I must be slow because i am having one heck of a hard time figuring out how someone can justify the incident by saying "well she was old so that is pretty much the reason she died" like this woman did not have a right to live. 
Everyone goes on and on and on about how its the people who are responsible for dog attacks, so this LEO he was responsible for the mauling of this woman, plain and simple. The dogs are so highly trained that they bite when told right? so what on earth was that dog doing biting her? 

Irene Collins, an elderly cancer patient of Middlesbrough has died over the weekend, after being attacked by an out of control Cleveland police K9 last Wednesday night.

The police had a heavy presence in her neighborhood that evening and were going door to door searching for an escaped alleged drug dealer.

Neighbors of the ill grandmother reportedly warned the officers she was frail and in bad condition. They went to her door to disturb her anyway.

The dog attacked the woman in her kitchen as she was leading the officers to her back yard.

One neighbor told the Daily Mail, ‘She wasn’t bitten, she was mauled. A relative told me the dog had punctured and broken her arm, ripped her other arm, and then managed to bite off her calf muscle after it had been restrained.’

That is okay right? its okay that it mauled her right in her very own kitchen because she had cancer anyways?


----------



## Blanketback (Apr 27, 2012)

Of course it's not ok! Why get yourself all worked up, imagining that _anyone_ would think it's ok???


----------



## Betty (Aug 11, 2002)

How unbelievably sad and tragic.


----------



## wolfstraum (May 2, 2003)

Sigh.....don't turn it into something it is not. Of course I think it is terrible that the dog attacked the woman. Don't escalate what I said into something else. My point is that a younger, stronger person would not have died from a dog bite. It is terrible that this woman was attacked in her own home. YES...I agree with that. 

Lee


----------



## wyoung2153 (Feb 28, 2010)

wolfstraum said:


> Sigh.....don't turn it into something it is not. Of course I think it is terrible that the dog attacked the woman. Don't escalate what I said into something else. My point is that a younger, stronger person would not have died from a dog bite. It is terrible that this woman was attacked in her own home. YES...I agree with that.
> 
> Lee


I think I see what you mean.. that someone who was healthier, not necessarily younger, _could_ have survived these injuries, however because of her state and health she died from them.. is that kinda right?

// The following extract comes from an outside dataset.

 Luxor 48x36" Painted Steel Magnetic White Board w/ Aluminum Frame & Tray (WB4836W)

I can't imagine anyone saying "it's ok because she's old" more that her body couldn't handle that type of injury so she died from it.. whereas it might have not been the case for someone else.


----------



## wolfstraum (May 2, 2003)

I NEVER SAID IT WAS OK SHE DIED BECAUSE SHE WAS OLD.

My friend who died did not die because of the surgery to his eye. 

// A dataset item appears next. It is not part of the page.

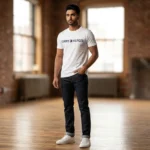 Tommy Hilfiger Men’s White Embroidered Logo T Shirt (5)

NO ONE SAW HER DEATH CERTIFICATE WHICH WILL STATE THE CAUSE OF DEATH. 

Quit putting spins on what I said to make it look callous and unfeeling. It is not. Healthy people have an issue and it is an issue....unhealthy frail people with the same issue will compound and escalate and complicate into further issues. 

Don't make it into a drama. The headline dramatizes and escalates the situation which was the point I was trying to make - obviously failing.

Lee


----------



## wyoung2153 (Feb 28, 2010)

wolfstraum said:


> I NEVER SAID IT WAS OK SHE DIED BECAUSE SHE WAS OLD.
> 
> My friend who died did not die because of the surgery to his eye.
> 
> ...


Whoa whoa whoa... let's go ahead and bring it down a notch... 

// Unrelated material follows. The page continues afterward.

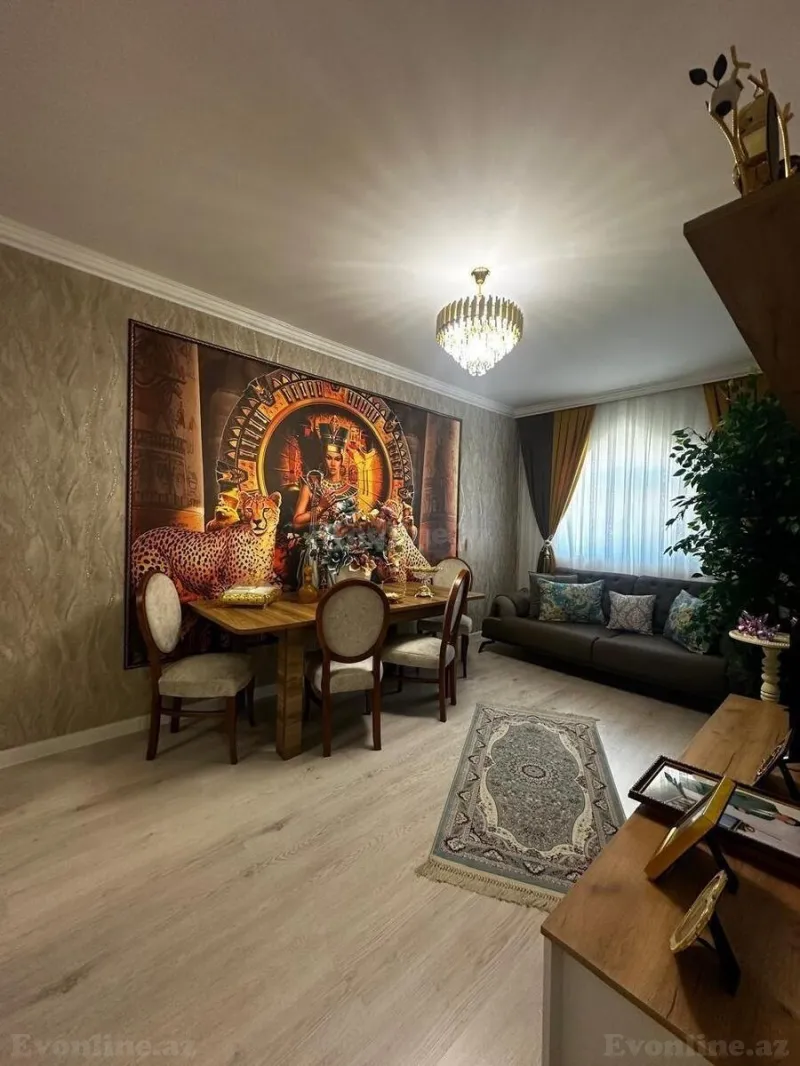 Kirayə verilir 1 otaqlı Mənzil Yeni tikili 44 m² Masazır - şəkil 4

If you reread what I said.. it was actually on your side, clarifying what I thought you were meaning in your original post that others might have misunderstood..


----------



## Chip18 (Jan 11, 2014)

The breed really doesn't matter or the condition of the victim. It's a system failure! Either training the handler, the dog or circumstances?? Something went wrong??

If it was a bomb sniffing "Beagle" and went off on JQP something went wrong?? That's the problem/question here.

How do they keep it from happening in the future?


----------



## selzer (May 7, 2005)

If a bomb sniffing beagle bit an elderly cancer-patient in the lower leg, and because of the health of the victim, the wound, though treated, delayed in healing and became infected, and caused septicemia or staph which the weakened victim's system succumbed to, will we put on the death certificate, dog attack. And crucify the bomb sniffing dog handler and the breed?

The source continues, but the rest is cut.